INFORMATION SUPPLIED.

---

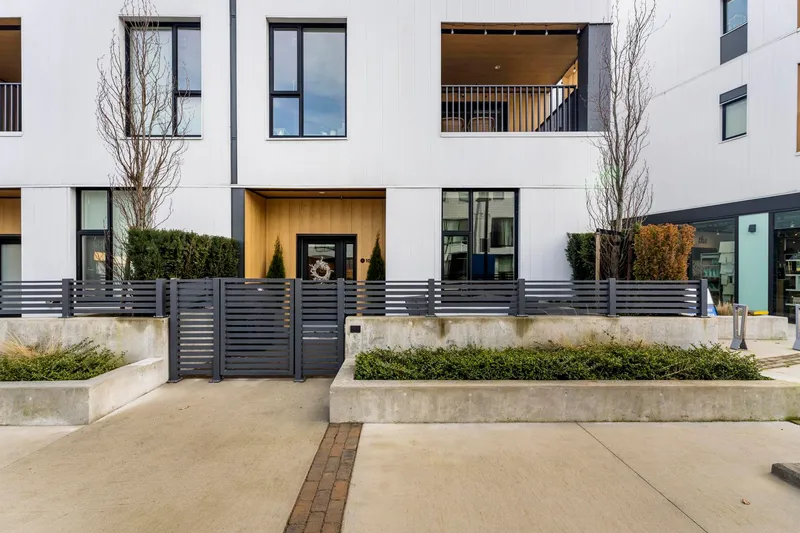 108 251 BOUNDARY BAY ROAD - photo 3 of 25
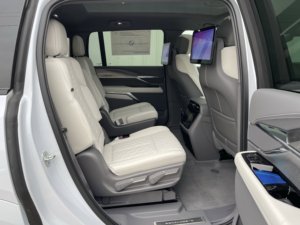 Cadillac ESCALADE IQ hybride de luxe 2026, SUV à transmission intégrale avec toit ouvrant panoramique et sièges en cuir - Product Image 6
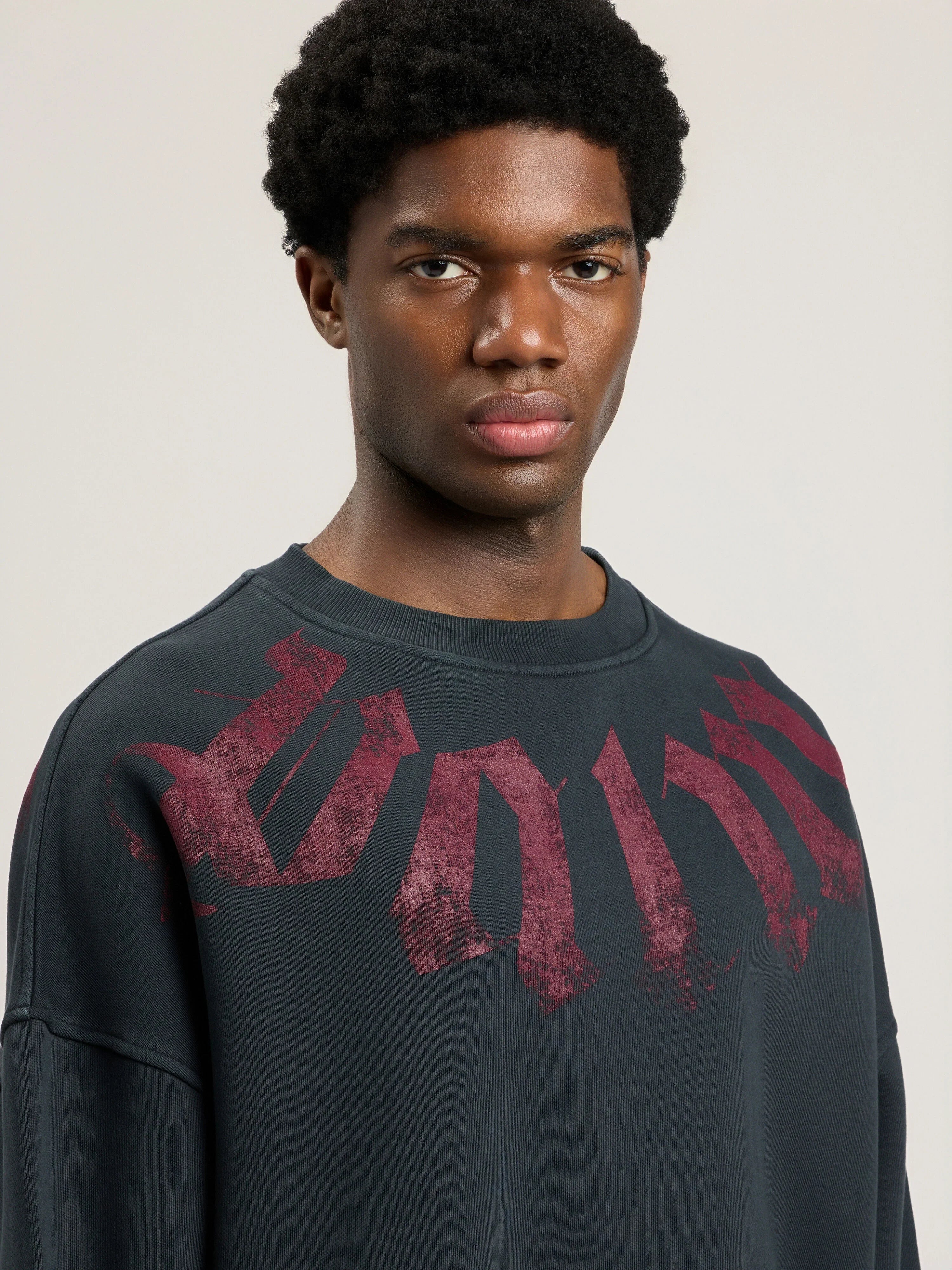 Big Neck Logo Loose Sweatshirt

---

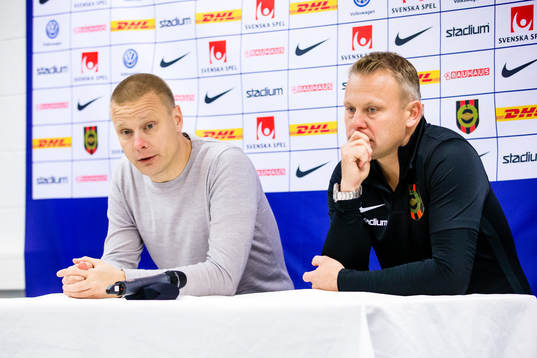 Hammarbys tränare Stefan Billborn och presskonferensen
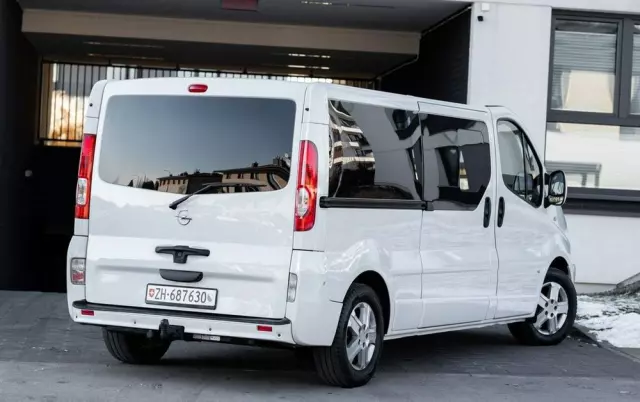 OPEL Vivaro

---

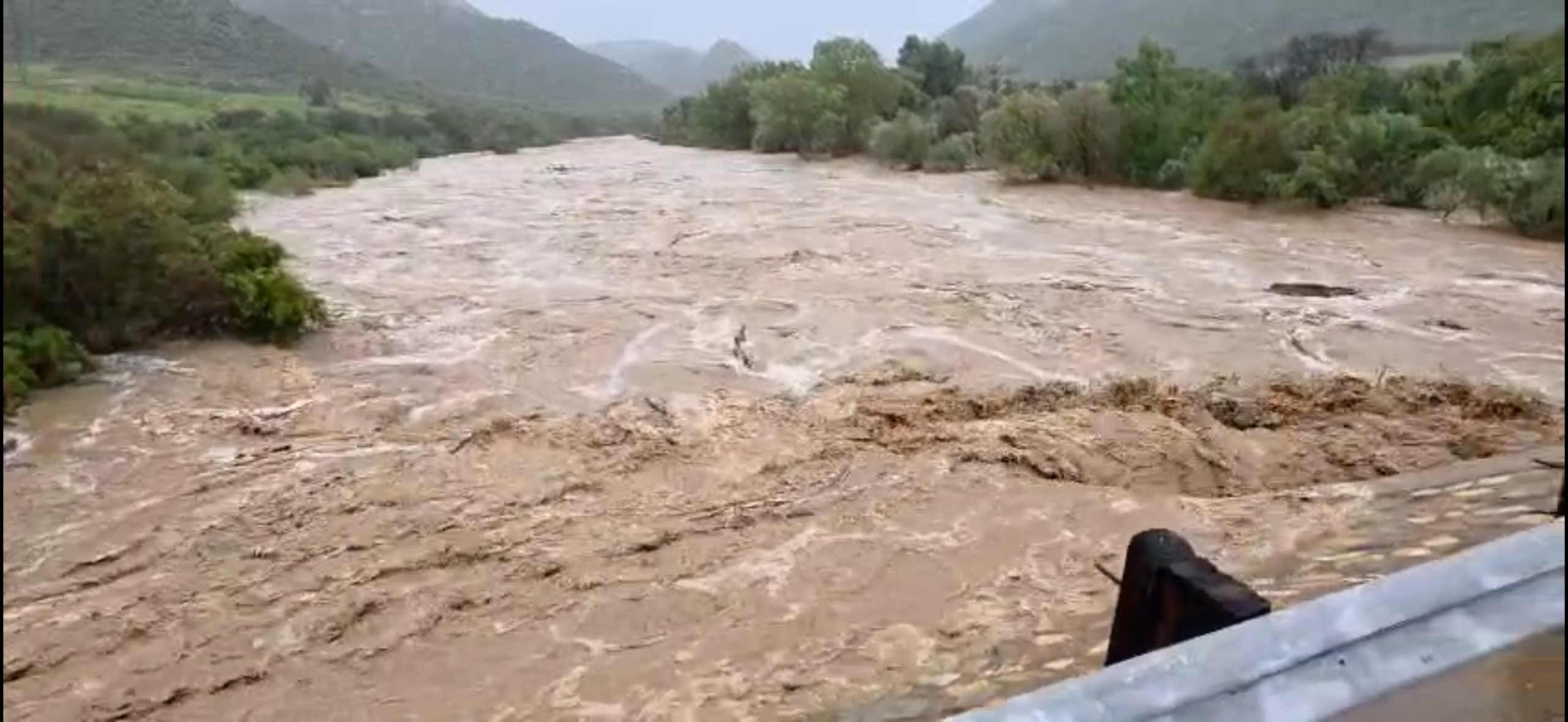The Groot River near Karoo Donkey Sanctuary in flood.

---

PROBLEM DESCRIPTION.
Look above for the line with "Cadillac ESCALADE IQ"; quote it and every line after it, stopping after the line with "Big Neck Logo Loose Sweatshirt", exactly, with nothing added and without pictures.

ANSWER SPACE.
 Cadillac ESCALADE IQ hybride de luxe 2026, SUV à transmission intégrale avec toit ouvrant panoramique et sièges en cuir - Product Image 6
 Big Neck Logo Loose Sweatshirt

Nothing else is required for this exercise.